The journey to and from including spying took only one month and ten days. That’s how close they were. On their way back some of, the spies lost their faith. They came back a divided team. Ten were convinced that the mission is impossible, based on what they had seen. Two came back believing that the mission was possible, based on the same information, and the fact that God was their strength and provider.
That is how interesting facts are—they are neutral. With the same set of facts, you can choose to move forward, like Caleb and Joshua. With the same set of facts, you can choose to beat a retreat—like the other twelve spies did. And with the same set of facts, you can choose to stagnate!
Moses made a grave leadership mistake. He should have had these guys report to him and resolve whatever differences there were in his team before going to the public. He needed to have a “meeting before the meeting.” But he made a bad decision—he let the spies go to report directly to the people. The 10 fearful leaders shot down the project.

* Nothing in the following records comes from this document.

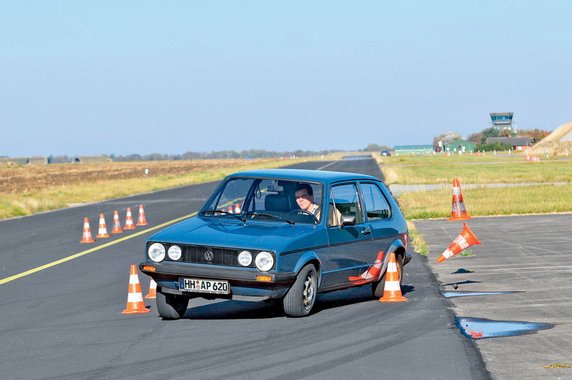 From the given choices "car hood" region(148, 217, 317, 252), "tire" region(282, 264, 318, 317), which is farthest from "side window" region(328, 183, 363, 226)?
"tire" region(282, 264, 318, 317)

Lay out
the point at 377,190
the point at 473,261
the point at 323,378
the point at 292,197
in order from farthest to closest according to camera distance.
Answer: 1. the point at 473,261
2. the point at 377,190
3. the point at 292,197
4. the point at 323,378

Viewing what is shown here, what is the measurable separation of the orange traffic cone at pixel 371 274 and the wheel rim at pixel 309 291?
3.18 feet

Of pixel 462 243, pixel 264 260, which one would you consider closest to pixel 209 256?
pixel 264 260

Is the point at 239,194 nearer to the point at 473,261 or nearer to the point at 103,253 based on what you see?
the point at 473,261

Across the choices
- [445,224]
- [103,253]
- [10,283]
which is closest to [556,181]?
[445,224]

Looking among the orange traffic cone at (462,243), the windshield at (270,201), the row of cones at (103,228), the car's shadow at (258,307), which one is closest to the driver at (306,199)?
the windshield at (270,201)

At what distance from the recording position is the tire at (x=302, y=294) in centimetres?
1120

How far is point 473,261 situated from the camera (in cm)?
1817

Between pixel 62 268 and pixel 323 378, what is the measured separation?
10965mm

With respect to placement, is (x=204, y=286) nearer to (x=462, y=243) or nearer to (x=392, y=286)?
(x=392, y=286)

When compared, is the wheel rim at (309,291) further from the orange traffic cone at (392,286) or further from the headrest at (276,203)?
the orange traffic cone at (392,286)

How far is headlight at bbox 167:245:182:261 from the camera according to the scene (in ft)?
36.8

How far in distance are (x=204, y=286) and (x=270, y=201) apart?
1.72 m

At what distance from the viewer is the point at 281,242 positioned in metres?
11.1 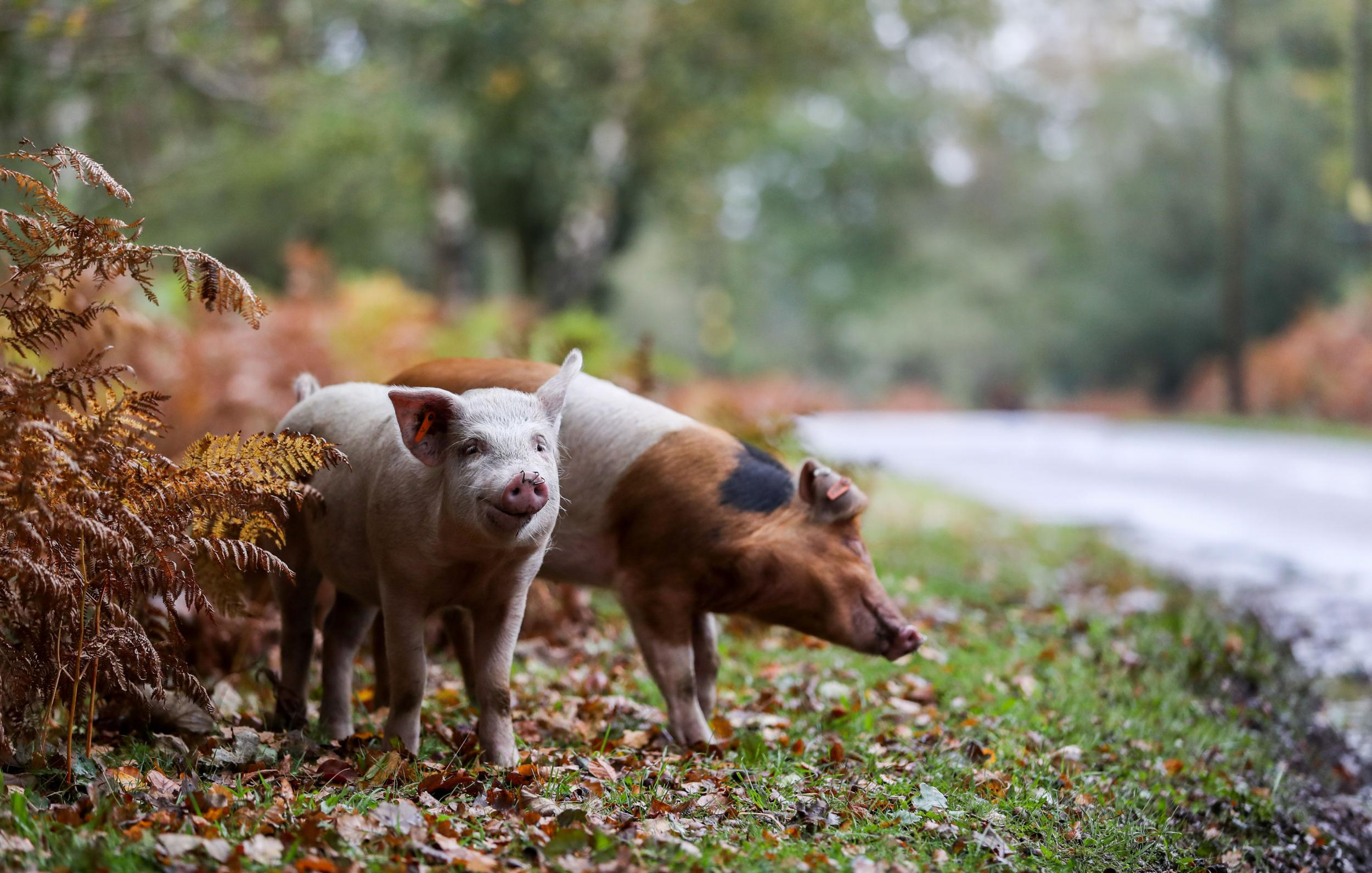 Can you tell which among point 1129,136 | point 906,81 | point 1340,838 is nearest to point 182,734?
point 1340,838

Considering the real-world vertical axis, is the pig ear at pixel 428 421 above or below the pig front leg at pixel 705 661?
above

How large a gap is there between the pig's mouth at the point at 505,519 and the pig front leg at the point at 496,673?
51cm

“But the men who had gone up with him said, “We can’t attack those people; they are stronger than we are.” And they spread among the Israelites a bad report about the land they had explored…We seemed like grasshoppers in our own eyes, and we looked the same to them”…And they said to each other, “We should choose a leader and go back to Egypt,” (Num. 13&14).
Following this, they remained in the wilderness for forty years, as a consequence of bad decisions.